ÉPHÉMÈRE, arts
L'éphémère comme qualité
Sans doute est-ce véritablement du côté du mouvement Fluxus qu'il faut chercher une conception nouvelle de l'éphémère. En 1961, l'artiste américain Allan Kaprow, inventeur du happening, écrit : « Le dernier point que j'aimerais développer à propos de la comparaison entre happening et pièce de théâtre est implicite dans toute la discussion – c'est leur caractère éphémère. Composé de sorte qu'une primauté soit accordée à l'imprévu, un happening ne peut pas être reproduit.

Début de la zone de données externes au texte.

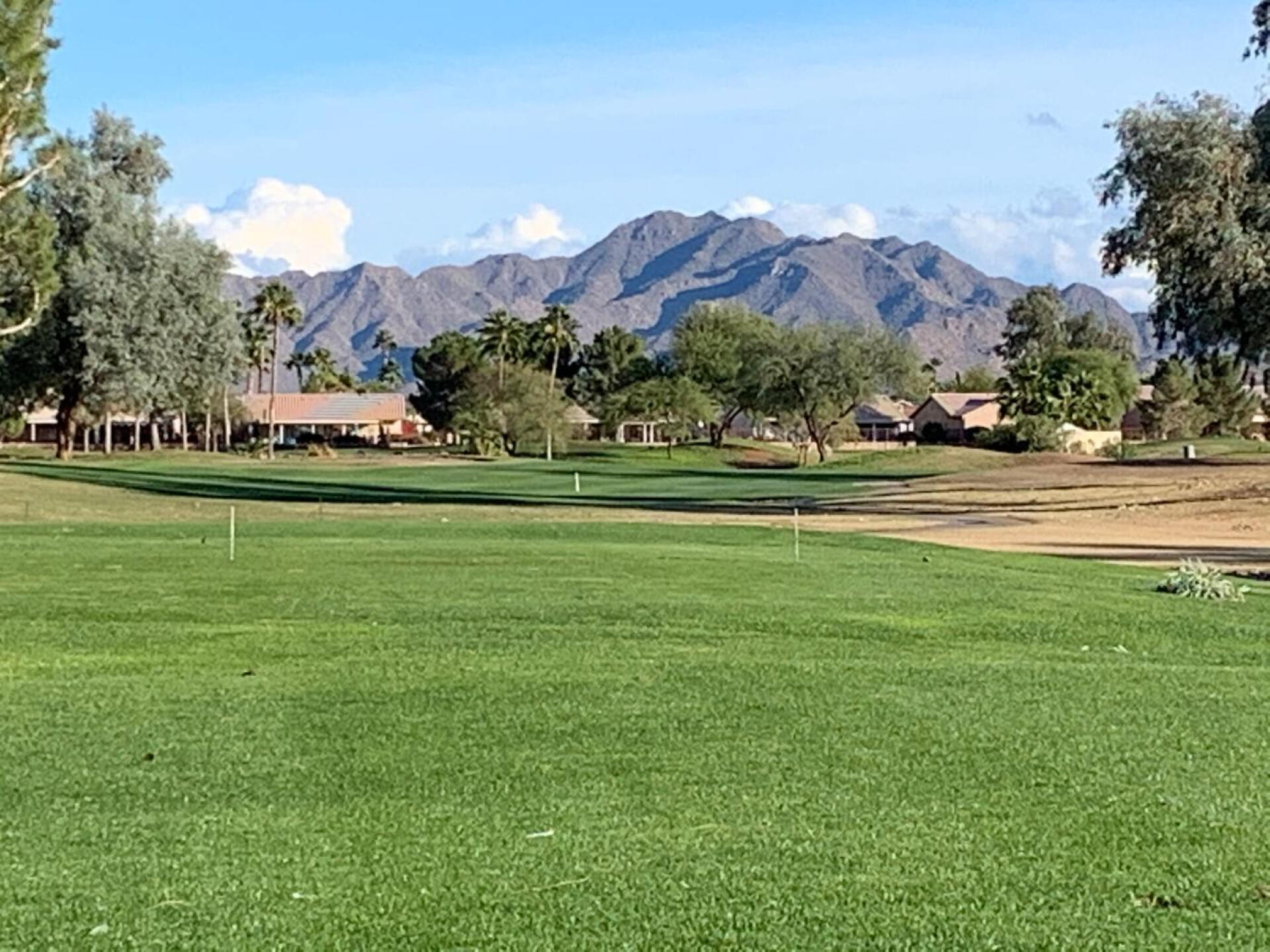 10 (Photo submitted by FormerHacker81 on 12/08/2019)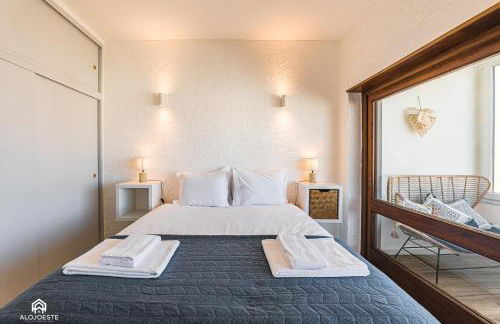 Casa MarAzul - Santa Cruz - Foto 12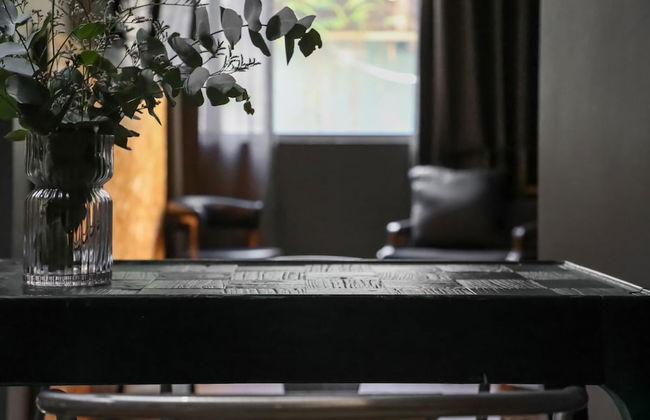 The Urban Newtown - Foto 22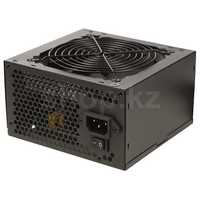 Продам блок питания PC COOLER HW500-NP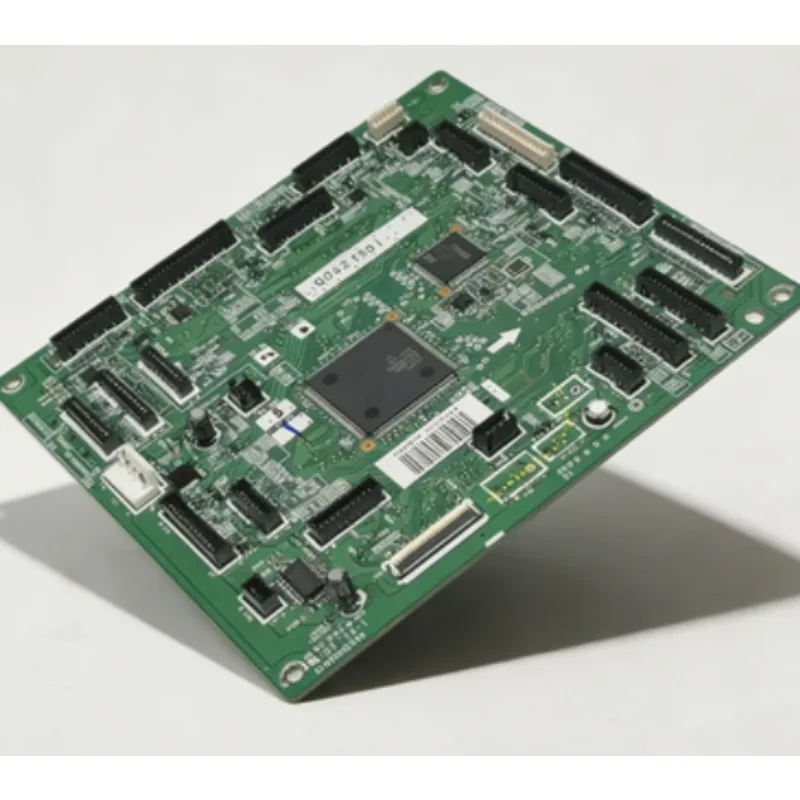 

Плата контроллера постоянного тока RM3-7448 для принтеров HP LaserJet Ent M552 M553 серии 552 553, плата постоянного тока RM2-7186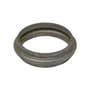 132082 | Pinion Ring Spacer | Case 580M 580M 580 Super L 580 Super L 580 Super M 580 Super M 590 Super M | New Holland B115B B115B | | 87580364 | 87580364 132082 | Pinion Ring Spacer | Case 580M 580M 580 Super L 580 Super L 580 Super M 580 Super M 590 Super M | New Holland B115B B115B | | 87580364 | 87580364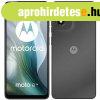 Motorola Moto E14 2/64GB, fekete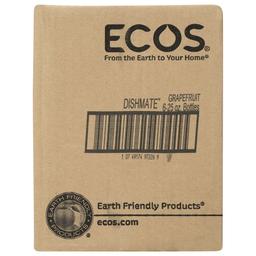 Product thumb gallery 3983754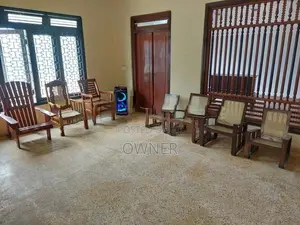 Signature House for Short Term Rent - Jaffna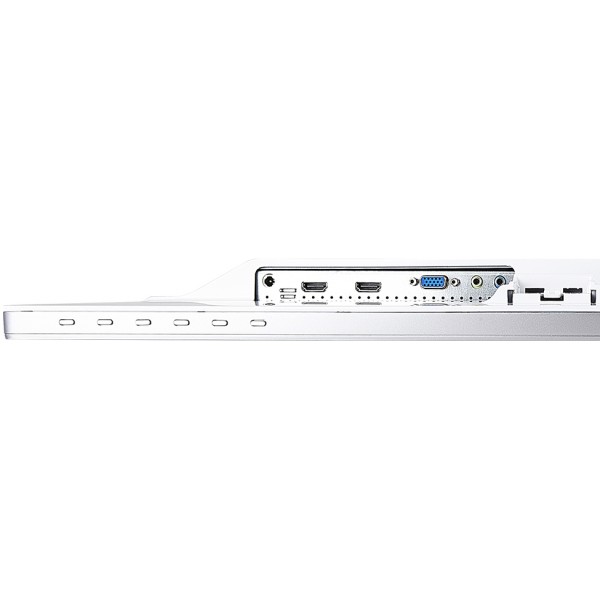 뷰소닉 LCD 디스플레이 VX2573-shw
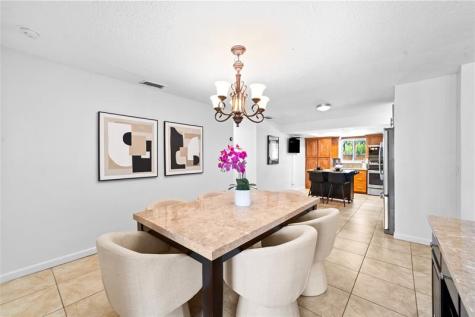 1040 SW 12th Avenue Boca Raton FL 33486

Les quelques représentations données de chaque œuvre diffèrent considérablement de l'une à l'autre ; et l'œuvre est finie avant que les habitudes ne commencent à s'établir. [...] De cette façon, un happening a quelque chose de frais, tant qu'il dure, pour le meilleur ou pour le pire. [...] Il permet qu'on soit exposé à la merveilleuse expérience d'être surpris. » Selon ses termes, le happening met en jeu une conception de l'éphémère se situant entre « le changeant, le naturel, et même l'acceptation du ratage », très loin de la tension entre éternel et éphémère évoquée plus haut. En fait, chez Kaprow, éphémère vaut imprévu, indéterminé, ou hasardeux, au sens où compte moins ici un rapport particulier au temps (celui de la durée propre de l'œuvre, ou de sa permanence) que le fait qu'une pièce puisse engendrer des variations infinies. C'est également ce dont parle l'Américain Robert Rauschenberg, lorsqu'il évoque, durant un entretien avec Irmeline Lebeer en 1973, ses toutes premières toiles, des monochromes blancs : « Je me suis toujours imaginé qu'avec un peu d'attention, on pouvait facilement lire l'heure sur les tableaux blancs. Ils étaient comme des récepteurs d'énergie, des capteurs d'images : ils reflétaient tout ce qui se trouvait autour d'eux. »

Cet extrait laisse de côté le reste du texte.